Evaluating Ruth's Speech on Medieval History

 The purpose of Toastmasters International is to train you to give speeches outside Toastmasters and Ruth's advanced speech fulfilled that ultimate purpose when she rehearsed her speech on Medieval History. Her speech was to be given to the history group of the U3A, the University of the Third Age - mostly retired people with time to indulge in researching their interests.

When I listen to a speech I ask myself:
What do I know about this subject?
What does the speaker know and is the speaker on expert? and
What do I want to know - what's in it for me?

I know very little about medieval history so I expect to get information. But that might be dull or confusing, so I hoped it would be easy to understand and entertaining.

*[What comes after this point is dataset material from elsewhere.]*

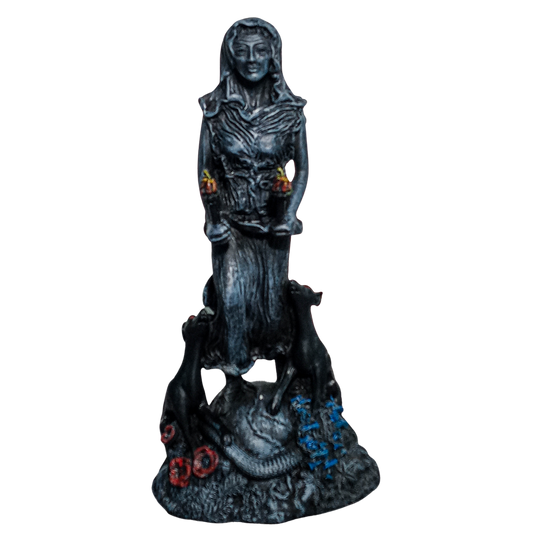 HEKATE GODDESS - Statue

She began with an overview. The main events of the periods were famine, the plague and the peasants' revolt. I'd heard of the latter two, especially the plague. But the subject of this summary or excerpt was something jollier, food. Ruth as a retired tea-shop owner has food running through many of her interests and speeches.

She started by explaining the middle ages or Medieval period, 5th to 15th centuries.


My first recommendation, or suggestion, was that she might have related the period to a well known person, the king or queen or kings and queens of the time.

Or the common people. Were they post-Roman? Celts? Vikings? Before Henry the Vth and Elizabeth Ist? William the Conqueror and Harold in 1066 when the word boeuf came into the language? Who were these poor people and rich people?

She enlisted our sympathy by saying they were like us. She involved our imagination by suggesting we walk through the door of the cottage or the castle and look at what is cooking or what is on the table.

The poor people had potage, a thick soup or casserole, kept on the go from the vegetables in their garden. (I wonder when the fashion for flowers and lawns started? In those days the kitchen garden was the normal garden, like the allotments of modern times.)

Everybody in the Harrovian Toastmasters audience winced at the description of blood taken from living animals to make blood pudding. Yet, she could have pointed out that leaving the animal alive is kinder than killing the animal for meat. Blood is still taken from living animals in our times by the Masais (in East Africa, in Southern Kenya and Northern Tanzania).

(Ruth described the lord's house where we would see the use of bread as a trencher or plate and water scented with rose petals.)

I said that Ruth ended by answering what's in it for us by ending, how happy she is to be living not in medieval times but today.

I suggested she could have gone one better, by making this her title. She could make her start and end more memorable and dramatic by picking a quotation about medieval times, or a quotation from somebody in medieval times to start and end the speech.


Here's Ruth again, looking very happy and relaxed now her speech is over and has been evaluated.


I was surprised and delighted to be awarded the ribbon for Best Evaluator. Thank you Ruth for the opportunity.


President Indra Sikdar presents ribbon for best evaluation to Angela Lansbury.